L'entreprise s'engage sur un plan d'action à 2 ans (2026-2028) portant sur l'ensemble du périmètre de l'entreprise
Actions volontaires concernant le cœur de métier
- Prendre en compte, dès l'étude, le patrimoine naturel dans les travaux d’enfouissement et d’éclairage public : établir un contrat d'engagement avec le Conservatoire d'espaces naturels des Hauts-de-France et leur transmettre 100% des dossiers d'études.
- Remplacer progressivement le parc de véhicules thermiques avec 11 véhicules d'ici fin 2026 en cohérence avec notre stratégie de réduction des émissions
Actions volontaires complémentaires
- Sensibiliser 100% des collaborateurs de l'entreprise aux aspects liés à la biodiversité : avoir une meilleure connaissance globale du sujet et ainsi augmenter les actions en faveur de la biodiversité.
- Etablir une convention de mécénat avec le Conservatoire d'espaces naturels des Hauts-de-France : apporter notre soutien financier pour contribuer à des projets de préservation et de gestion de sites naturels situés sur nos territoires d'intervention.

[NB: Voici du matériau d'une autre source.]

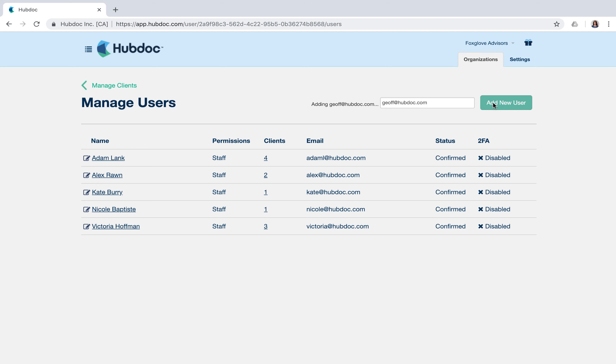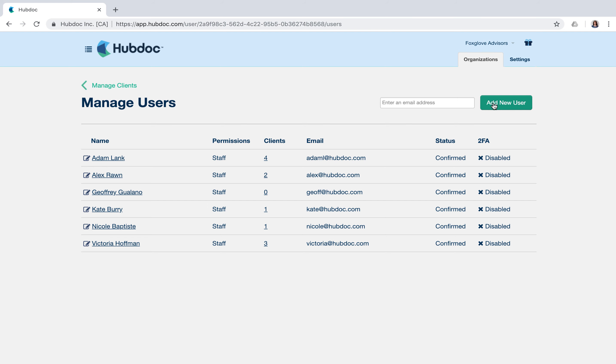If they're new to HubDoc, they'll receive an email invitation to create their account and will automatically have access to their assigned clients. If they already have a HubDoc account, they'll immediately be granted access.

- Obtenir des partenariats avec d'autres acteurs de la biodiversité (ex : LPO) : saisir d'autres opportunités d'agir pour la biodiversité (ateliers, sensibilisations, aménagement…).
Synthèse de l'analyse
Cette synthèse présente les principaux enseignements de l’évaluation de la démarche biodiversité de l’entreprise, réalisée par un expert mandaté par l’OFB selon les critères SMART du programme. Elle a pour objectif de valoriser les actions engagées et de partager des pistes générales d’amélioration, sans restituer les détails de l’évaluation ni les recommandations individuelles, qui sont communiqués directement à l’entreprise.
Demouselle Pays de l'Aisne a construit un plan d'action cohérent avec son cœur d'activité, centré sur la phase chantier qui constitue la phase la plus impactante de ses opérations directes. L'action cœur de métier, en partenariat avec le Conservatoire d'espaces naturels des Hauts-de-France, adresse de façon pertinente la prise en compte des enjeux spécifiques de chaque chantier. Le plan est dimensionné de manière réaliste au regard des moyens et contraintes de l'entreprise, avec des échéances définies, un suivi mensuel structuré et un pilotage assuré par le service QSE.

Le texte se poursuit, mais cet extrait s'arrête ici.